In the data below, locate the line containing "Certified 2021 Nissan" and the line containing "جشنواره فرهنگی هنری", then retype both and everything between them exactly. Pictures are not part of the copy.

- Records shown -
------

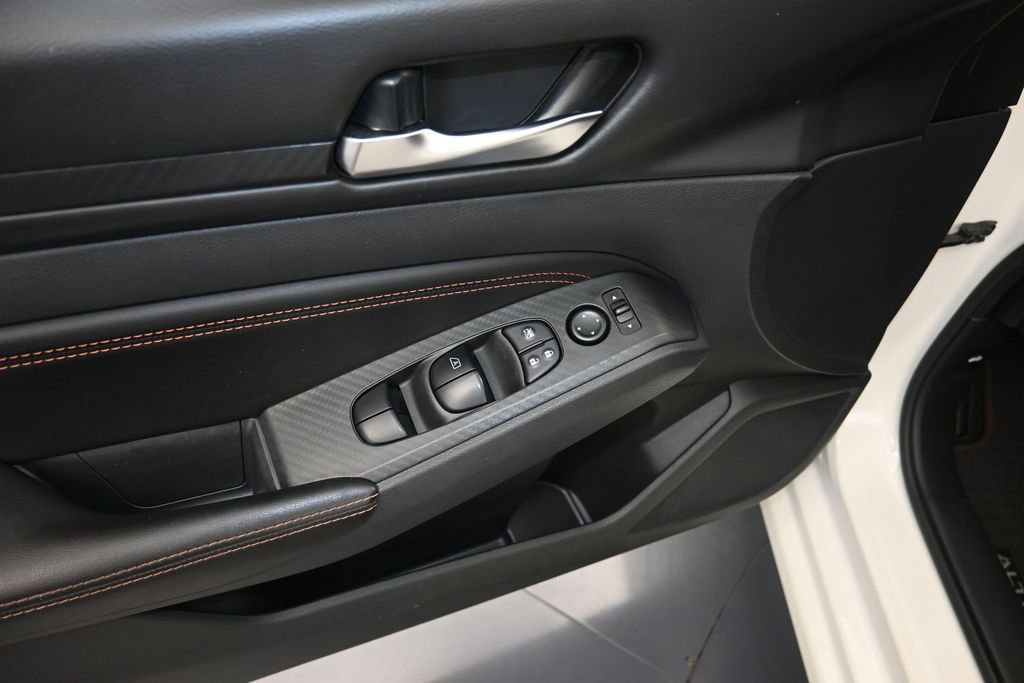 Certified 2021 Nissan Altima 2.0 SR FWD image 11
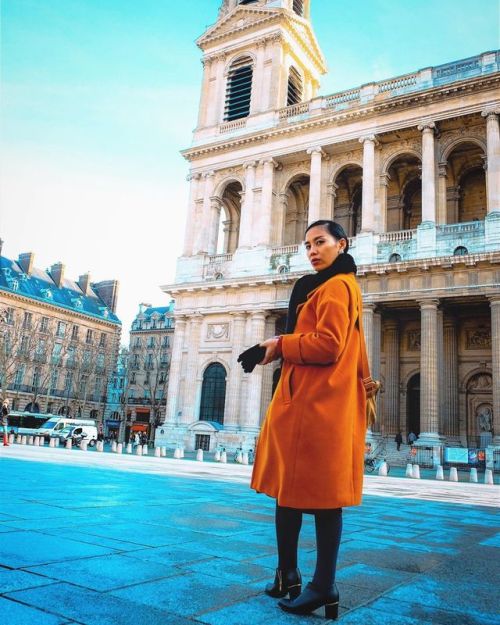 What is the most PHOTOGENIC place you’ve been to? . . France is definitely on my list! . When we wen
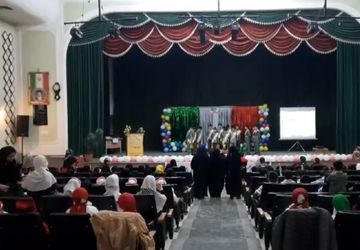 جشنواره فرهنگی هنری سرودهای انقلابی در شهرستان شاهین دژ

------

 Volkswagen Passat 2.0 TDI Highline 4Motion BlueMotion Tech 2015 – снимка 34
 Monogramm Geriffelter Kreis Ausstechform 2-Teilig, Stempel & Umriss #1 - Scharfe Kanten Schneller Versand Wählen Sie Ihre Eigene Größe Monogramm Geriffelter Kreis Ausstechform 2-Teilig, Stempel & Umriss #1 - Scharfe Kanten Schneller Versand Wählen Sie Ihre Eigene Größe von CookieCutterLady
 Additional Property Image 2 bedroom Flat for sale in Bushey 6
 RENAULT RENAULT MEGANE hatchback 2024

------

- Answer section -
 Certified 2021 Nissan Altima 2.0 SR FWD image 11
 What is the most PHOTOGENIC place you’ve been to? . . France is definitely on my list! . When we wen
 جشنواره فرهنگی هنری سرودهای انقلابی در شهرستان شاهین دژ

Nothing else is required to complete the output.